Scraped caption text data:
-------------------------

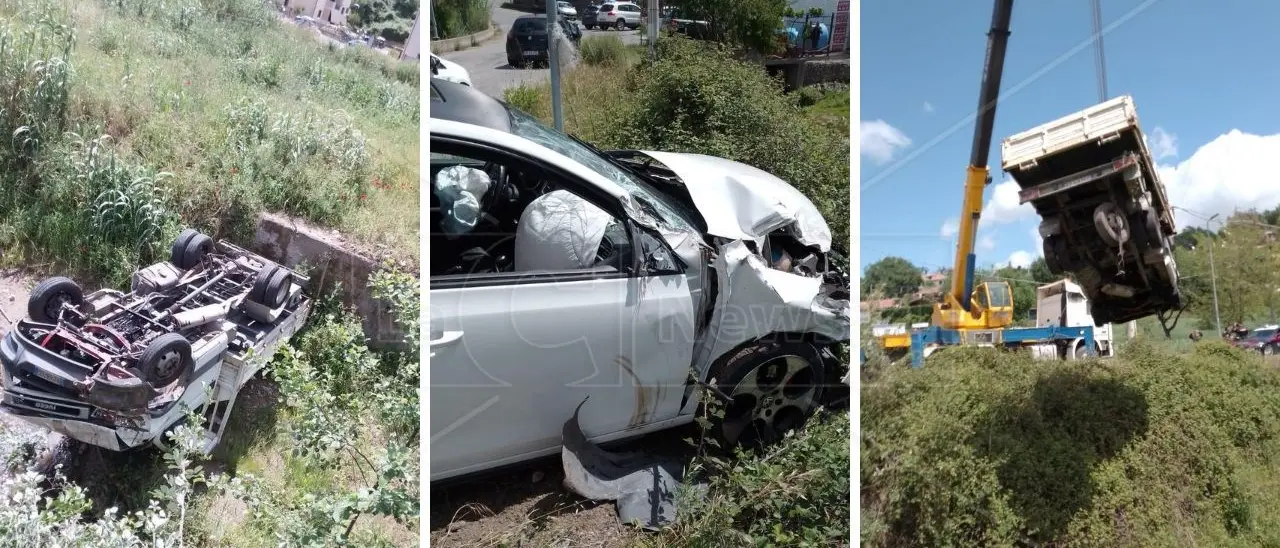 Incidente nel Cosentino, furgone precipita in un torrente dopo lo scontro con un’auto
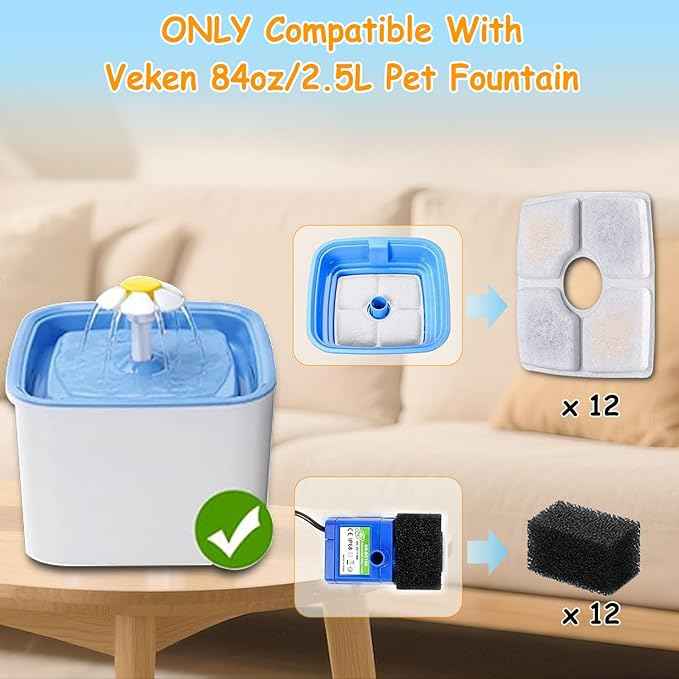 12 Pack Replacement Filters & 12 Pack Pre-Filter Sponges for Veken 84 oz / 2.5L Automatic Pet Water Fountain, Triple Filtration Cat Fountain Replacement Filter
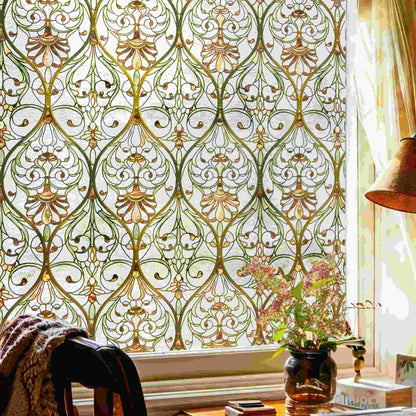 ADD.HERES Honeysuckle Ogee 3D Stained Glass Window Film Static Cling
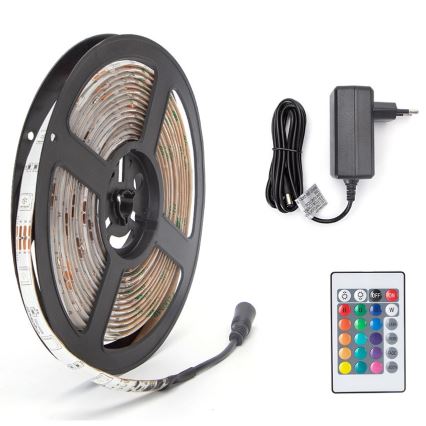 Aigostar - Tira LED RGB regulable 5m LED/24W/12/230V IP65 + control remoto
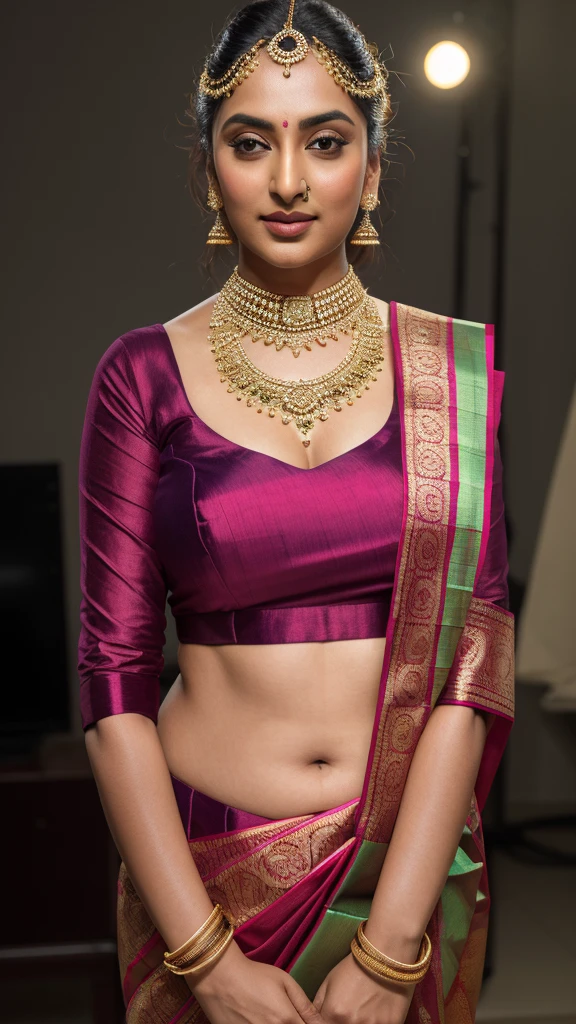 Foto RAW, photorealistic, photography, full body shot, master shot, perfect eyes, goddess like beauty, pierced eyes, perfect thick chubby mallu Desi aunty bhabhi, Wearing a Stanapatta, a chest-band.Saree model, model Photography, Indian saree shoot, Indian traditional wear advertising photography, traditional wear brand shoot, face of Indian actress Sonakshi Sinha, masterpiece, realistic, realism, incredible details, pleasure, photorealism, detailed skin, skin pores, high contrast, photorealistic Artstation 8k HD digital art trend of high definition and detailed realistic skin texture, ultra detail, realistic skin texture, armature, best quality, ultra high definition, (photorealistic:1.4),, high resolution, detail, raw photo, sweat, Re sharp, by Lee Jefferies Nikon D850 Film Stock Photo 4 Kodak Portra 400 Camera F1.6 Lens Rich Color Ultra Real Realistic Realistic Textures Dramatic Lighting Unreal Engine Trending at Art Station Cinestill 800,(pele altamente detalhada: 1.2), 8k UHD, DSLR, soft-lighting, alta qualidade, grain of film, Fujifilm XT3,she didn't like to wear blouse or bra, she is happy to wear only saree, she hates blouse or bra, detailed hairy armpits, hyper realistic skin, skin pores, sweat, veins,
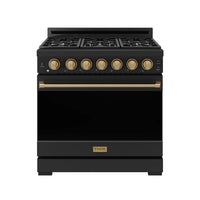 Black 36-inch gas range with bronze control knobs, front burner grates, and oven door.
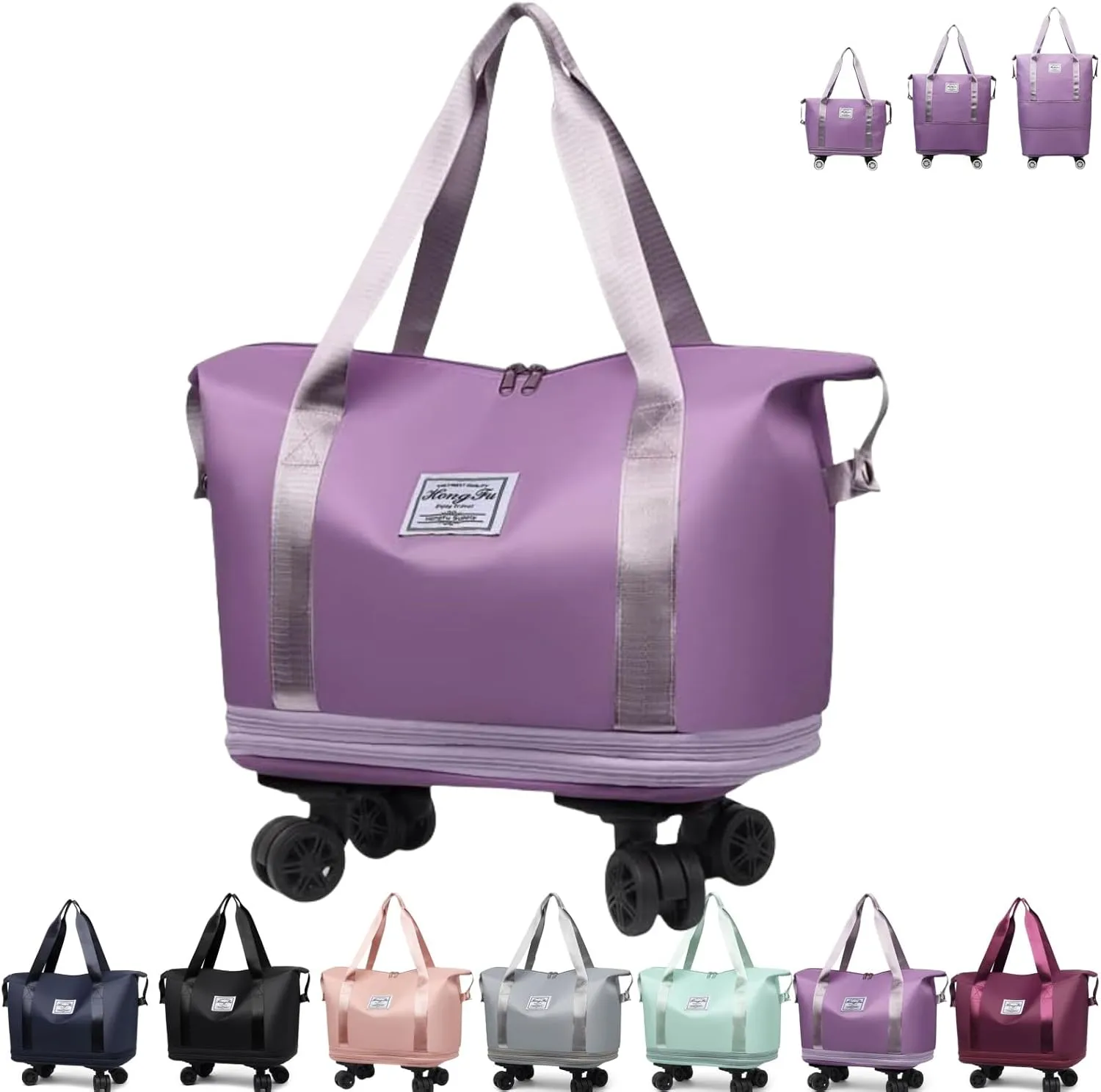 Kulken Travel Bag With Wheels, Beente Travel Bag With Wheels, 2025 New Large Capacity Bags - Universal Removable, Expandable Foldable (Purple)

-------------------------

> **WORK TO COMPLETE**: Return all records verbatim and drop the pictures.

> **SOLUTION FOR THIS EXERCISE**:
 Incidente nel Cosentino, furgone precipita in un torrente dopo lo scontro con un’auto
 12 Pack Replacement Filters & 12 Pack Pre-Filter Sponges for Veken 84 oz / 2.5L Automatic Pet Water Fountain, Triple Filtration Cat Fountain Replacement Filter
 ADD.HERES Honeysuckle Ogee 3D Stained Glass Window Film Static Cling
 Aigostar - Tira LED RGB regulable 5m LED/24W/12/230V IP65 + control remoto
 Foto RAW, photorealistic, photography, full body shot, master shot, perfect eyes, goddess like beauty, pierced eyes, perfect thick chubby mallu Desi aunty bhabhi, Wearing a Stanapatta, a chest-band.Saree model, model Photography, Indian saree shoot, Indian traditional wear advertising photography, traditional wear brand shoot, face of Indian actress Sonakshi Sinha, masterpiece, realistic, realism, incredible details, pleasure, photorealism, detailed skin, skin pores, high contrast, photorealistic Artstation 8k HD digital art trend of high definition and detailed realistic skin texture, ultra detail, realistic skin texture, armature, best quality, ultra high definition, (photorealistic:1.4),, high resolution, detail, raw photo, sweat, Re sharp, by Lee Jefferies Nikon D850 Film Stock Photo 4 Kodak Portra 400 Camera F1.6 Lens Rich Color Ultra Real Realistic Realistic Textures Dramatic Lighting Unreal Engine Trending at Art Station Cinestill 800,(pele altamente detalhada: 1.2), 8k UHD, DSLR, soft-lighting, alta qualidade, grain of film, Fujifilm XT3,she didn't like to wear blouse or bra, she is happy to wear only saree, she hates blouse or bra, detailed hairy armpits, hyper realistic skin, skin pores, sweat, veins,
 Black 36-inch gas range with bronze control knobs, front burner grates, and oven door.
 Kulken Travel Bag With Wheels, Beente Travel Bag With Wheels, 2025 New Large Capacity Bags - Universal Removable, Expandable Foldable (Purple)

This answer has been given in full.